Dataset records:
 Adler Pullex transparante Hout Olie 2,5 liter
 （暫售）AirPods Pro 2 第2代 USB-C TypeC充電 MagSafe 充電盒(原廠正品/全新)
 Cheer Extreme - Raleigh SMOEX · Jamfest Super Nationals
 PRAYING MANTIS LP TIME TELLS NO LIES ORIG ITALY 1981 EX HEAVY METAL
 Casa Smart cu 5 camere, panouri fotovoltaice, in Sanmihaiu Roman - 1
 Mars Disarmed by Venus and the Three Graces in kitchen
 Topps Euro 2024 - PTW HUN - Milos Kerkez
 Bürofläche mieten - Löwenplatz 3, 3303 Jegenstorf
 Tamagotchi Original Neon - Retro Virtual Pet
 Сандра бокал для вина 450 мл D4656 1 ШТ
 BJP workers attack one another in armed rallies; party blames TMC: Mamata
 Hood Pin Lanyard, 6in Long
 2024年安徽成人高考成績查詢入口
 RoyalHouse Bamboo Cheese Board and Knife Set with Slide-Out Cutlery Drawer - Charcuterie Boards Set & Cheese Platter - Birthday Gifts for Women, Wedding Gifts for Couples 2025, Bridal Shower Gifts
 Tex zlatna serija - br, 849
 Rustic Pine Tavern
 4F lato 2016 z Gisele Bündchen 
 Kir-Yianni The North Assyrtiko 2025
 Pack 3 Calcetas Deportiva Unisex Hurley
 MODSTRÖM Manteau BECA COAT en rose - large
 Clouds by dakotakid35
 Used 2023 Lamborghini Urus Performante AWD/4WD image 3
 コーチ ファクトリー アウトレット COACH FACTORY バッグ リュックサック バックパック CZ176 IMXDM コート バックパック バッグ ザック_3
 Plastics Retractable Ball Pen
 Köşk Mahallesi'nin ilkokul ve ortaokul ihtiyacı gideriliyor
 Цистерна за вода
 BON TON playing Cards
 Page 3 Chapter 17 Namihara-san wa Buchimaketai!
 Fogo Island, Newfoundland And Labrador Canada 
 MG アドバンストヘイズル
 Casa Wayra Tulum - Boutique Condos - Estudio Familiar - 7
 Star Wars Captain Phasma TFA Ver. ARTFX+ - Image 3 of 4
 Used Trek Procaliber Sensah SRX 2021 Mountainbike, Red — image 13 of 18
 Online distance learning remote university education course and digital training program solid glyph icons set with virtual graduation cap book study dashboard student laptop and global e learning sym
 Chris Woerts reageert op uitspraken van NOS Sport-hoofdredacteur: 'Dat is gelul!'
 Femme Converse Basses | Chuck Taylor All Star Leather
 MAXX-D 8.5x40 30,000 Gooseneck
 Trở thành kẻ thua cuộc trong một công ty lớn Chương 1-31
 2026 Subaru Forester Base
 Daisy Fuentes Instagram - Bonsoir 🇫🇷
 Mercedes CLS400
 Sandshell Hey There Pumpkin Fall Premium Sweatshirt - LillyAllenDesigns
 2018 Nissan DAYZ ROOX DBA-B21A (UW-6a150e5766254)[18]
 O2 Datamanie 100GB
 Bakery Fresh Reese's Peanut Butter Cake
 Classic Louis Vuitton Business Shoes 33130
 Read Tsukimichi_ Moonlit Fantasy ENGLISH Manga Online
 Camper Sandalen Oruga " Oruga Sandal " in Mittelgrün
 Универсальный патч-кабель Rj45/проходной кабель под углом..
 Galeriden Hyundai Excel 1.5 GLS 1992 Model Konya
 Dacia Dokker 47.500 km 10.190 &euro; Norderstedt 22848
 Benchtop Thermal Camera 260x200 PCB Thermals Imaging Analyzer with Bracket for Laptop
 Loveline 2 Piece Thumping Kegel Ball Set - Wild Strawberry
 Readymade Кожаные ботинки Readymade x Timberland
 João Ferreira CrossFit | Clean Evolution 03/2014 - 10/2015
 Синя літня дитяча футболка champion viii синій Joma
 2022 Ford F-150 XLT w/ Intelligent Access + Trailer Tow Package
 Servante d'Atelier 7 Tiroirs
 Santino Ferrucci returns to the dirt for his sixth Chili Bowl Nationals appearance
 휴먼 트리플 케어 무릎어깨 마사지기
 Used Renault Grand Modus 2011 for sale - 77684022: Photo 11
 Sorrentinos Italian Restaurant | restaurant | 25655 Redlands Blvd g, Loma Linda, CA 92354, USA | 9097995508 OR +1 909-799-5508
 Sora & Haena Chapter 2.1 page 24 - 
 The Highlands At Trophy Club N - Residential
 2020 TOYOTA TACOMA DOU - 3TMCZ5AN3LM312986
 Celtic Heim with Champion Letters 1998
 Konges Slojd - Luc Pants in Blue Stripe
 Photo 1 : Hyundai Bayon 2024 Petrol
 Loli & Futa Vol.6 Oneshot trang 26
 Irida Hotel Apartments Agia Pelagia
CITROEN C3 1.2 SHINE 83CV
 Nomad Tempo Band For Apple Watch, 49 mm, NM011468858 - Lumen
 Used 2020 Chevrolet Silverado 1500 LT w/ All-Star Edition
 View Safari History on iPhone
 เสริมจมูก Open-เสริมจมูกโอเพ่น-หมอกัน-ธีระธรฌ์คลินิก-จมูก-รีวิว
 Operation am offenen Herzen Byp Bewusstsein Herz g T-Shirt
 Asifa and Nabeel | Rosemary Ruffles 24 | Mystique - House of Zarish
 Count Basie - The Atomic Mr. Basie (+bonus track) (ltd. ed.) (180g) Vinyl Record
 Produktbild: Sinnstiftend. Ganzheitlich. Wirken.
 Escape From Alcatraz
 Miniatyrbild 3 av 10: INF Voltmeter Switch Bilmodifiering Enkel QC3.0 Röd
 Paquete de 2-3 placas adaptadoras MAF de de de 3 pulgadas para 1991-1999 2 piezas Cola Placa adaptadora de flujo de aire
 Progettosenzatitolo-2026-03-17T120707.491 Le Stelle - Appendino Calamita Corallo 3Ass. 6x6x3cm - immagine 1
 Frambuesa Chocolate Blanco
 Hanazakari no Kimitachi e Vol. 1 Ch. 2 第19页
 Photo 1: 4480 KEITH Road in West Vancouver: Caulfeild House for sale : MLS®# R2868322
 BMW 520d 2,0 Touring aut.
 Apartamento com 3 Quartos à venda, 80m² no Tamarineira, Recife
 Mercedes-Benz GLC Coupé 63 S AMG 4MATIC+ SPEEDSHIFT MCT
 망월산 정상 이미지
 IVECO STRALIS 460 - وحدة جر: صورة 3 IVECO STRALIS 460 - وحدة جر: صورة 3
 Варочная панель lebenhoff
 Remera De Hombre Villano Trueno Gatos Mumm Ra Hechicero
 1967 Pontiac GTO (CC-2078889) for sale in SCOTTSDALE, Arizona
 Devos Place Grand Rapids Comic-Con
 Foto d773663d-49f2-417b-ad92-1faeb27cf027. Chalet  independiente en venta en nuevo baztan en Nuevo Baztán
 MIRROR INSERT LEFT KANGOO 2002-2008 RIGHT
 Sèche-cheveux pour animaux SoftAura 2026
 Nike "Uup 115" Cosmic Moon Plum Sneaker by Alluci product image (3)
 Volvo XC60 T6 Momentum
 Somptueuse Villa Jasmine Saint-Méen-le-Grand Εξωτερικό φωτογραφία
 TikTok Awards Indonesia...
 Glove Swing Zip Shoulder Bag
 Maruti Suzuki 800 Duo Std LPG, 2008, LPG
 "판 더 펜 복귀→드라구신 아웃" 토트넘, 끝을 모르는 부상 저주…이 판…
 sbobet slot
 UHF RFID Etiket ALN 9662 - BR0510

Brief
Copy out the lines above exactly, beginning at the one that contains "4F lato 2016 z Gisele Bündchen" and ending at the one that contains "Benchtop Thermal Camera".

Worked solution
 4F lato 2016 z Gisele Bündchen 
 Kir-Yianni The North Assyrtiko 2025
 Pack 3 Calcetas Deportiva Unisex Hurley
 MODSTRÖM Manteau BECA COAT en rose - large
 Clouds by dakotakid35
 Used 2023 Lamborghini Urus Performante AWD/4WD image 3
 コーチ ファクトリー アウトレット COACH FACTORY バッグ リュックサック バックパック CZ176 IMXDM コート バックパック バッグ ザック_3
 Plastics Retractable Ball Pen
 Köşk Mahallesi'nin ilkokul ve ortaokul ihtiyacı gideriliyor
 Цистерна за вода
 BON TON playing Cards
 Page 3 Chapter 17 Namihara-san wa Buchimaketai!
 Fogo Island, Newfoundland And Labrador Canada 
 MG アドバンストヘイズル
 Casa Wayra Tulum - Boutique Condos - Estudio Familiar - 7
 Star Wars Captain Phasma TFA Ver. ARTFX+ - Image 3 of 4
 Used Trek Procaliber Sensah SRX 2021 Mountainbike, Red — image 13 of 18
 Online distance learning remote university education course and digital training program solid glyph icons set with virtual graduation cap book study dashboard student laptop and global e learning sym
 Chris Woerts reageert op uitspraken van NOS Sport-hoofdredacteur: 'Dat is gelul!'
 Femme Converse Basses | Chuck Taylor All Star Leather
 MAXX-D 8.5x40 30,000 Gooseneck
 Trở thành kẻ thua cuộc trong một công ty lớn Chương 1-31
 2026 Subaru Forester Base
 Daisy Fuentes Instagram - Bonsoir 🇫🇷
 Mercedes CLS400
 Sandshell Hey There Pumpkin Fall Premium Sweatshirt - LillyAllenDesigns
 2018 Nissan DAYZ ROOX DBA-B21A (UW-6a150e5766254)[18]
 O2 Datamanie 100GB
 Bakery Fresh Reese's Peanut Butter Cake
 Classic Louis Vuitton Business Shoes 33130
 Read Tsukimichi_ Moonlit Fantasy ENGLISH Manga Online
 Camper Sandalen Oruga " Oruga Sandal " in Mittelgrün
 Универсальный патч-кабель Rj45/проходной кабель под углом..
 Galeriden Hyundai Excel 1.5 GLS 1992 Model Konya
 Dacia Dokker 47.500 km 10.190 &euro; Norderstedt 22848
 Benchtop Thermal Camera 260x200 PCB Thermals Imaging Analyzer with Bracket for Laptop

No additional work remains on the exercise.